Harapan akan pemangkasan suku bunga The Fed sempat mencuat setelah data inflasi konsumen AS pada Juli 2025 hanya naik 0,2 persen, sedikit di bawah ekspektasi pasar yang memproyeksikan 0,3 persen. Ini sempat memicu spekulasi pemangkasan hingga 50 basis poin (bps). Namun, optimisme tersebut mereda menyusul lonjakan signifikan pada data inflasi produsen AS, yang tercatat 3,3 persen secara tahunan dan 0,9 persen secara bulanan. Hans menjelaskan, “Karena ternyata inflasi level produsen AS lebih tinggi dan berpotensi menaikkan inflasi konsumen AS di masa depan.”
Meskipun demikian, ekspektasi pemotongan Fed funds rate (FFR) sebesar 25 bps pada pertemuan September masih tetap tinggi. The Fed sendiri dihadapkan pada dilema yang kompleks: di satu sisi, terdapat data ketenagakerjaan yang melemah, namun di sisi lain, tekanan inflasi meningkat akibat tarif perdagangan. Dalam situasi ini, pelaku pasar sangat menanti petunjuk dari simposium Jackson Hole untuk mendapatkan kejelasan mengenai arah kebijakan moneter The Fed.
Selain faktor ekonomi AS, pertemuan antara Presiden AS Donald Trump dan Presiden Rusia Vladimir Putin di Alaska yang membahas konflik Ukraina juga menarik perhatian pasar global. Meskipun peluang tercapainya perdamaian dinilai kecil, hasil dari pertemuan ini berpotensi memberikan dampak signifikan pada harga minyak dunia dan stabilitas ekonomi di kawasan Eropa.
Dari kawasan Asia, perekonomian Tiongkok menunjukkan tanda-tanda pelemahan pada Juli 2025, dipicu oleh ketidakpastian terkait kebijakan tarif AS. Sementara itu, harga minyak global juga berada dalam tekanan akibat potensi kelebihan pasokan pada tahun depan, seiring dengan proyeksi permintaan yang melemah.
Di dalam negeri, Hans Kwee menilai pertumbuhan ekonomi Indonesia pada kuartal II 2025 tergolong cukup baik, yang menjadi pendorong sentimen positif di pasar keuangan. Kondisi ini, ditambah dengan prospek pemangkasan suku bunga The Fed dan masuknya kembali dana asing, telah mendorong IHSG mengalami reli tajam. Hans menambahkan, “Kenaikan IHSG lebih banyak ditopang sektor teknologi dalam hal ini DCII. Masuknya dana asing mendorong naiknya BBRI.”
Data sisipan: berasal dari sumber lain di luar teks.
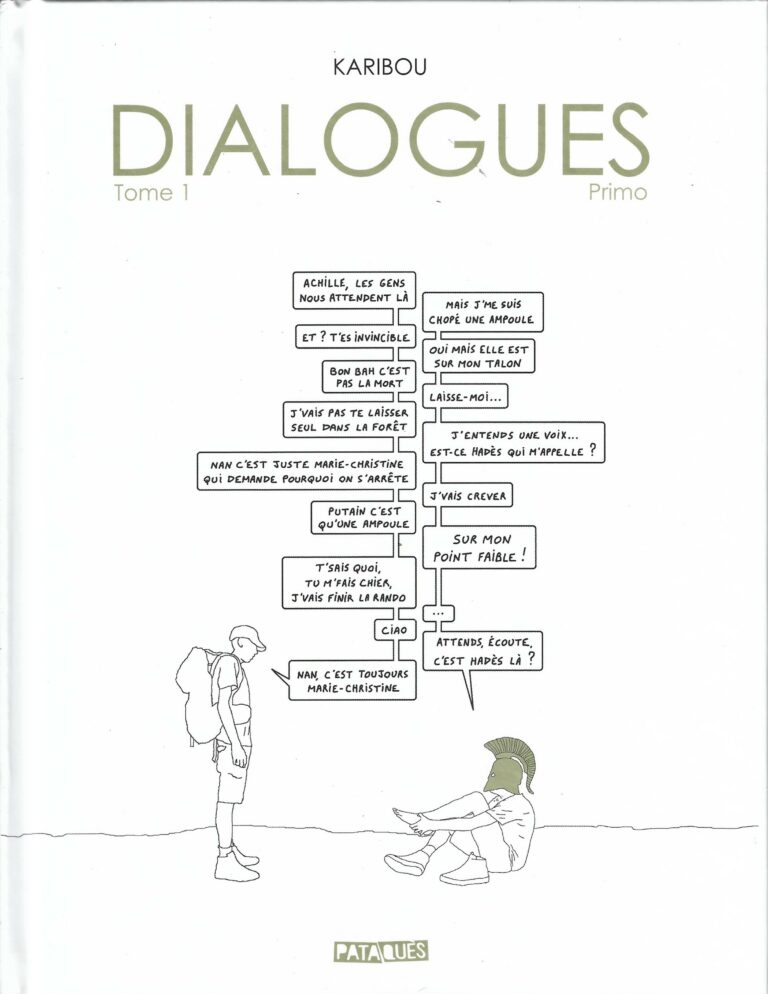 dialoguesprimodelcourt 30 10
Untuk jangka pendek, IHSG berpotensi cenderung melemah. Sentimen utama yang akan mempengaruhi pergerakan pasar pekan ini berasal dari hasil rapat Federal Open Market Committee (FOMC) dan simposium Jackson Hole. Dari sisi domestik, keputusan suku bunga Bank Indonesia (BI) juga akan menjadi perhatian. Secara teknikal, Hans memprediksi IHSG akan bergerak dengan level dukungan (support) di kisaran 7.800 hingga 7.646, dan level resistansi (resistance) di rentang 8.017 hingga 8.050.